You should understand that, being a white South African male over the age of fifty, affirmative action and all the “-isms” of age, gender and race render me all but unemployable in this Rainbow Nation of critical skills shortages – notwithstanding my degrees and international experience in my field. So when work does periodically present itself I am compelled to grab it and to fiercely focus on the tasks that promise, for the time being, to maintain the temporal connection of body and soul. When money beckons I must then temporarily forego some of my other – more pleasurable and satisfying – pursuits such as blogging. And, much as I enjoy writing, it pays no bills and I have this expensive addiction to breathing which must be periodically slaked with cash – preferably lots of it – whenever possible. Hence my recent absence.

 

I am not so enamoured of driving as once used to be the case; my politically-incorrect car is an ageing brute that punishes its driver for forcing a few thousand extra kilometres out of its creaking carcass.
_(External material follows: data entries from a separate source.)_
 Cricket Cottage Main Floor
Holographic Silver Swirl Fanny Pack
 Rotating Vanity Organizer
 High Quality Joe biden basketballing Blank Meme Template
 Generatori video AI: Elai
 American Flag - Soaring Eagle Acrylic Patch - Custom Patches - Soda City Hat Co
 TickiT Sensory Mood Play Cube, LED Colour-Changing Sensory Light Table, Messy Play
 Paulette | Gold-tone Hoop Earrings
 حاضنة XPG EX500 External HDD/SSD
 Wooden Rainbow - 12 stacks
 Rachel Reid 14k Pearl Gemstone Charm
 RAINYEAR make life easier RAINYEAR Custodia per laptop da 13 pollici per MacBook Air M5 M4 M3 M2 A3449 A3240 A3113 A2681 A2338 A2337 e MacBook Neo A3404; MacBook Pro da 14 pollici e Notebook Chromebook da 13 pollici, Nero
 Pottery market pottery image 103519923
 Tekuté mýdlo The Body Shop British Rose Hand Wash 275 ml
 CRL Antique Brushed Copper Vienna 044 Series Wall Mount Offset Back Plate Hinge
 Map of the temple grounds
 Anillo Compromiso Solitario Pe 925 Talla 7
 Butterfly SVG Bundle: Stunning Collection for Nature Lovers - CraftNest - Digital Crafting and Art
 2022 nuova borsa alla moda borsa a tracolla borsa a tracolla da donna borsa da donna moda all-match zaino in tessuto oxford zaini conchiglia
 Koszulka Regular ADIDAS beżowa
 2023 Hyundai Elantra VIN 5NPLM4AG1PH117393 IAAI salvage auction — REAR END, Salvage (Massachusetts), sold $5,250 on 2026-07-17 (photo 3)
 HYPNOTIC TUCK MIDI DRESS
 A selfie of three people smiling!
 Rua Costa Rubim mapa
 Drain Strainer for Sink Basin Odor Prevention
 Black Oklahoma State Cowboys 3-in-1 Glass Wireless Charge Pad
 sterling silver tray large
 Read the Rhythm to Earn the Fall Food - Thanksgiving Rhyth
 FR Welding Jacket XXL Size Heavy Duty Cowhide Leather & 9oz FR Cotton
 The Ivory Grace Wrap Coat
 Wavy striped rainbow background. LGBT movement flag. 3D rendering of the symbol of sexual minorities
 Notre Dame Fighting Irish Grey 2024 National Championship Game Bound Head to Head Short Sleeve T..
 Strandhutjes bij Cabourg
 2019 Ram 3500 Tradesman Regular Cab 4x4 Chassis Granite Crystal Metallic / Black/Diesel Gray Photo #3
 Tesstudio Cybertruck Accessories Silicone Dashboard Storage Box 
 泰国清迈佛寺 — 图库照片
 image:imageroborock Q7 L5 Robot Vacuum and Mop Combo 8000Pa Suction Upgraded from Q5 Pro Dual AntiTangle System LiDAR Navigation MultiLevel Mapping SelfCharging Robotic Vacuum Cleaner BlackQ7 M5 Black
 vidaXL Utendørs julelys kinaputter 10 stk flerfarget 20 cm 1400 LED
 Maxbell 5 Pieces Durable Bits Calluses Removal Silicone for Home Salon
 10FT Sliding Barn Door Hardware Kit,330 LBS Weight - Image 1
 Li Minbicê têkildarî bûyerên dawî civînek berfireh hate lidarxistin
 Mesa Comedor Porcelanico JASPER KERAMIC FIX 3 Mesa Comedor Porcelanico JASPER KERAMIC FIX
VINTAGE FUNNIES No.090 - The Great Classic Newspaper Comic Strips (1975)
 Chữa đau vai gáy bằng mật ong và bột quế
But, in addition to providing a solid upper-body workout, such driving allows time to reflect on Life, the Universe and Everything and thereby provides some of the material which old Spearpoint then tries to convert into the approximations of pearls of wisdom that he seeks to muster in these posts.

 

During this journey I found myself mostly pondering on all the recent shocks of the astronomical price increases in food, fuel and other commodities around the world.

 

We’re all familiar with the price increases. Petrol and diesel prices threatening to push us back to the horse-and-buggy age; staple food escalations promising the prospect of global population decimation; real estate prices destined to shunt us all back into grass huts in a feudal economy; other commodities increasing to the point where the little baubles and the technologies which brighten up and buttress our otherwise drab lives are beyond reach; the threat of drastically higher electricity charges which promise a return not to the age of hurricane lanterns and candles – we won’t be able to afford to buy the oil – but to the age of rush lights and goose grease; the list goes on.

 

Trying to figure out why all of these events have come about in such an apparently short space of time has been an interesting exercise and has led me to some conclusions that are distinctly challenging.

 

We might as well face it: for a considerable period we have had it relatively easy. Ignoring, (for the sake of the point being made), the half or more of the world’s population that has always been too poor to afford to worry about the fibre in its diet (instead being more troubled with the grit, stones, twigs and other detritus in such food as may be available), the world has enjoyed a relatively benign time of late where the basics of life, plus a few luxuries, could be had whilst still having the prospect of putting some money aside for the odd rainy day or two.

 

Then, of course, (being human) we then proceeded to hurry, helter-skelter, to bugger up the nice little zone of comfort within which we found ourselves.

 

Finding the products of our technologies to be pleasant and convenient we then got greedy. We wanted more and, in that wanting, gave space to other greedy people who, for a price, were willing to provide us with more.

 

Let’s look at some of what we wanted in terms of food and fuels since these are the most immediate of our daily needs and desires.

 

  • Better quality food – less grit, for a start – with brighter colours and more varied flavourings, artificial or not, which would enable us to differentiate our “lifestyle” from those less well off than ourselves (including our silly kid sister who was dumb enough to marry that throwback who digs ditches for a living).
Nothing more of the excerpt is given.